Speaking with NutraIngredients-USA at the inaugural Healthy & Natural Show in Chicago, Amy Keller, director of education and training at Organic India, told us that adaptogenic herbs sound like herbs that are too good to be true, but these herbs have been used traditionally for thousands of years in both Ayurveda and Traditional Chinese Medicine.
“We generally tell consumers that they are bi-directional, which means if a person is really high strung it’s going to bring them down to a healthy normal level, but if they’re down in the dumps it’s going to bring them up. They work both ways to help mitigate stress in the body,” she said.
“I think the interest in traditional methods of healing is growing in popularity because Western medicine is a one-size-fits-all approach, but these traditional modalities treat each individual as a unique person. I also think that these type of herbs help mitigate stress and we live in a very stressful environment.”

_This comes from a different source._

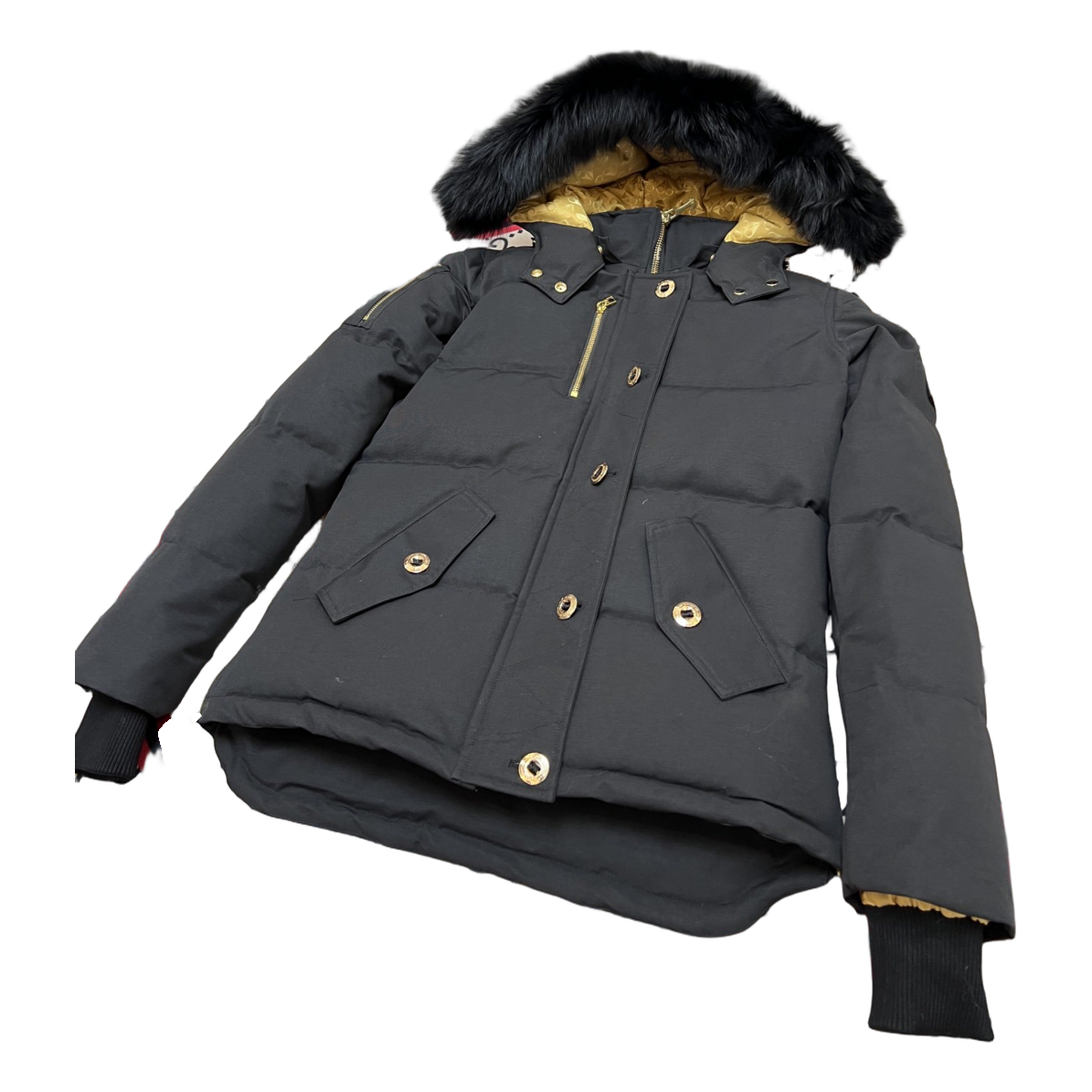 Moose Knuckles Gold 3Q Fur-Trim Hooded Puffer Jacket in Black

Keller noted that Holy Basil, Ashwagandha, Amalaki are amongst the most popular Ayurvedic adaptogenic herbs that Organic India works with on a daily basis, and awareness of these herbs is increasing around the world.
“I think adaptogenic herbs are difficult to understand even from a scientific perspective,” she added. “These plants have adapted in nature themselves over thousands of years. A lot of these herbs have grown in climates that are very hot or very cold or very high altitudes, so when you talk about the basic nature of a plant being able to adapt you can translate that into how it works in the human body in a really non-specific manner.”
Keller also discussed Organic India’s approach to farming and supply chain management. “We are a company that believes in regeneration,” she said. “We are committed to regenerative agriculture and we have converted tens of thousands of acres in India to organic farming. We also work with some of the most at risk populations in India, including women, widows, the elderly, and the illiterate, so it’s not just about traceability of where the herbs are grown and how they’re grown but also about the people in the supply chain.”